Following a far more shocking ending from last season, this season was arguably just as engaging but had five different stories going on at once. The show had suffered from lower ratings and a change in 3 different showrunners(!) leading to its cancellation but more on that later.
So long-story short: this show had lots to measure up to, and as different and changed up as it was, it wasn’t ever on the same level as the first season. Nonetheless, I applaud it for feeling organized still as it introduced new characters who added their own two-cents to the proceedings and new deadly events that the White House had to deal with.
It also gives supporting characters like head Secret Service Agent Ritter (LaMonica Garrett, The Last Ship) and Press Secretary Wright (Kal Penn, House, M.D.) more to do which is good as they previously stole every scene they were in last season. What is missing is the same level of surprise as most of the hat tricks have worn off by now. Nevertheless, it’s not a wimpy show as all the political drama is every man’s worst nightmare and it becomes personal when more rivals show up to pester the cabinet once again.
If you want more spy action and disaster mayhem, don’t tune out as there’s plenty in store. Just keep in mind that the bar isn’t raised as high due to mainly being leftovers from last season. And that’s before it starts feeling like episodes from other shows like Madam Secretary, West Wing, 24 and NCIS.
⭐️⭐️⭐️⭐️ out of 5 Stars
Tom faces the political reality of campaigning as well as the tribulations of political advertising tactics used by the opposition. He must fight to secure the interest of the public opinion and ultimately, the chances of his administration being elected for a second term.
So after being prematurely cancelled by the morons at ABC, the show makes use of it’s resurrection by making use of the censor free Netflix streaming service. And it honestly pays off since the characters always were edgy and talked dirty on occasion so why not get the chance to actually hear what they were thinking for a change?

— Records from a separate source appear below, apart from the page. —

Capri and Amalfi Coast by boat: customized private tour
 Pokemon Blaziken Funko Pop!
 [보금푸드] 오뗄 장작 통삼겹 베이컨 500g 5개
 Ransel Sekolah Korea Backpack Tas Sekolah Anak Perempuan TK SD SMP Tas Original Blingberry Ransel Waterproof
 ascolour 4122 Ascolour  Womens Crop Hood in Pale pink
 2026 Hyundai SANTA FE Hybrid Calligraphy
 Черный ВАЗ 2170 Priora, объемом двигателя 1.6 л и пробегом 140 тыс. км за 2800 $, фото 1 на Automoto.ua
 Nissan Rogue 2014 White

The new cast members are commendable, especially Tom’s unethical campaign manager Zimmer (Julie White, Transformers) and new Chief of Staff Harper (Anthony Edwards, ER), and also have their complicated subplots that effect the overall reelection process. It’s mainly cool to see the main secondary focus turn to Aaron Shore (Adan Canto, The Following) as that character has been in so many different job titles thru the show’s run and he now has the opportunity to run as Vice President. He was key voice ob the show so it’s a very rewarding character complement.
Overall, I’ve been seeing lots of people talk smack about this season and it makes zero sense. Everything from one character briefly being shown as gay to more political discussion. People even went so far as to act like the language and sex was too much while acting like this show was biased. First of all, you guys have clearly not seen the last two seasons as there was plenty of blunt dialogue and sexual content. Secondly, talking about various subject matters isn’t biased. The fact that Tom is an Independent who doesn’t want to be like any other politician NOR associate with the other parties is more than open-minded. Last of all, they’ve talked about every kind of issues because that’s what politics is all about. They never asked you to agree or disagree with it; only what the plot demands to move it forward, which I consider a reasonable compromise (and you should too).
The show doesn’t end with a cliffhanger this time and while I can throw stones at Netflix for deciding to also cancel it, I will be the bigger man and thank them for allowing the show to wrap up loose ends and giving us a season on par with the first one.